Users can now analyze the mile demand of the global container fleet, and view the shipping route and docking status of the ship.
VesselsValue Chief Operating Officer (COO) Adrian Economakis uses key data to analyze and determine the most attractive market segments for ship owners and investors, the overall market situation, and the development trend of the ship market value in the next few years.
He said: "VesselsValue The container trade service provides a data-based way to understand the needs of the container ship market.

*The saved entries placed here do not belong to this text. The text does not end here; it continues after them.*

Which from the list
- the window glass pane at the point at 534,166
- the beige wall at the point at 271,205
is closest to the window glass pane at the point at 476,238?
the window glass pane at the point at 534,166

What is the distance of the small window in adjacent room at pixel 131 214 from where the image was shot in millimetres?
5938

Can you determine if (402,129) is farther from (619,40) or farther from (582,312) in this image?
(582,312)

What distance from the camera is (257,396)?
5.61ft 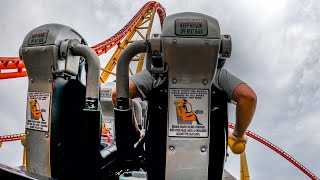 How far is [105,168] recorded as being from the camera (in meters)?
2.47

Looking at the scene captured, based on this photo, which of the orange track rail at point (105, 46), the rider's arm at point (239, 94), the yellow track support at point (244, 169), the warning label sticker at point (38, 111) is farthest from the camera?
the orange track rail at point (105, 46)

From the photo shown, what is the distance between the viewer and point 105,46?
51.3 feet

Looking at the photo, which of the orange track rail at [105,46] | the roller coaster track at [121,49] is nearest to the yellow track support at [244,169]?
the roller coaster track at [121,49]

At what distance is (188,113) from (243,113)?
1.36ft

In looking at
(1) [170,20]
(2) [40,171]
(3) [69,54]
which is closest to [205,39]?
(1) [170,20]

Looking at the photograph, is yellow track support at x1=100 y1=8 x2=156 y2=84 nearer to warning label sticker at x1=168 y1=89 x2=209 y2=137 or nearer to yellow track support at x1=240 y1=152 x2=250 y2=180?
yellow track support at x1=240 y1=152 x2=250 y2=180

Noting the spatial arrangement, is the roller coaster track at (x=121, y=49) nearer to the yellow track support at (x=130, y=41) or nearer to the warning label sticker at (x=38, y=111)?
the yellow track support at (x=130, y=41)

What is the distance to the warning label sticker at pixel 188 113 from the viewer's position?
190 centimetres

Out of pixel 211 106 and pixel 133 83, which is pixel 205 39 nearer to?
pixel 211 106

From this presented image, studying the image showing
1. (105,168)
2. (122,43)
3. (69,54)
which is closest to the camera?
(69,54)

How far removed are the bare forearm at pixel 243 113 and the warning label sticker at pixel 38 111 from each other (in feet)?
3.69

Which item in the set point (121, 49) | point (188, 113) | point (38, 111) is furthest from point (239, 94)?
point (121, 49)

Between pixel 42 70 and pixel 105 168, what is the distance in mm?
771

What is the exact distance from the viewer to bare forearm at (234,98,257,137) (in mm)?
2094
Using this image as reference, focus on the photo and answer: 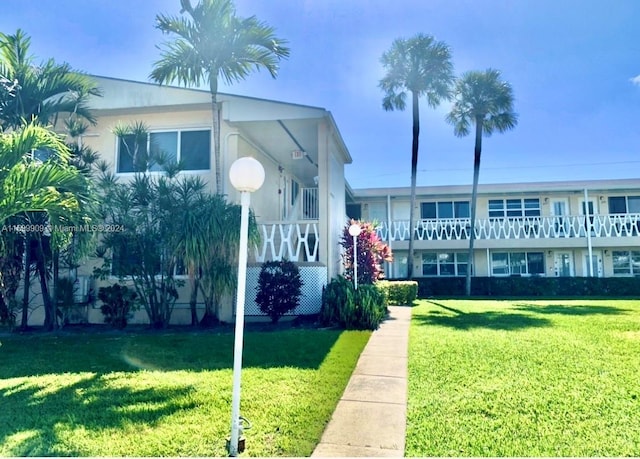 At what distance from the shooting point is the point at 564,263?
22.8 m

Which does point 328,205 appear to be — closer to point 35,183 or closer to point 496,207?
point 35,183

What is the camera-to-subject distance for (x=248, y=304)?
34.5 feet

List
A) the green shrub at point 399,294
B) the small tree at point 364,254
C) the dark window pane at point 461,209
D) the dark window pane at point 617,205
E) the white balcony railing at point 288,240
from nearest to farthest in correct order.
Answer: the white balcony railing at point 288,240
the small tree at point 364,254
the green shrub at point 399,294
the dark window pane at point 617,205
the dark window pane at point 461,209

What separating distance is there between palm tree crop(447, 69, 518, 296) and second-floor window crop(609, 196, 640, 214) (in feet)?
28.3

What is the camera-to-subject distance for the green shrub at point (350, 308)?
9234 mm

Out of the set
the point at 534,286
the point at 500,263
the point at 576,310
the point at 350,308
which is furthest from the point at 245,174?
the point at 500,263

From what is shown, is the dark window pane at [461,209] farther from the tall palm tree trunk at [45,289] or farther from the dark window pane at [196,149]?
the tall palm tree trunk at [45,289]

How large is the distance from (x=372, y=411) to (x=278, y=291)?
5.75 metres

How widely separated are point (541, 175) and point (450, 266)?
640 inches

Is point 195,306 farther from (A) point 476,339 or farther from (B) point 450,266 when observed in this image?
(B) point 450,266

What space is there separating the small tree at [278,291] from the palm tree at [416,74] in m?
10.2

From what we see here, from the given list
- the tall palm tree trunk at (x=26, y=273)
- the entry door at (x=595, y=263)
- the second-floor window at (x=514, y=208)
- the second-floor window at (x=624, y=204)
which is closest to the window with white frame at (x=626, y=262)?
the entry door at (x=595, y=263)

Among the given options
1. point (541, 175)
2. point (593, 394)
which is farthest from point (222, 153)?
point (541, 175)

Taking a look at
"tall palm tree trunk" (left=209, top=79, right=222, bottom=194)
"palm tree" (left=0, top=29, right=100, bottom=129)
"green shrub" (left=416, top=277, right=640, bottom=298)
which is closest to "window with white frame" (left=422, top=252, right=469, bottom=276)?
"green shrub" (left=416, top=277, right=640, bottom=298)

These demand-side data are updated in real time and obtained through the analysis of each ship and each voyage.
Combined with the supply-side analysis, it can be in-depth Understand the fundamentals of different market segments in the container industry.
" The container ship market, especially the Post Panamax and New Panamax markets, has shown strong growth in rental income and valuation.
momentum.
For the sake of simplicity, VesselsValue has grouped the "container ship market" into three categories: "Large" (Post Panamax and above), "Panamax" and "Small" (Sub Panamax and below).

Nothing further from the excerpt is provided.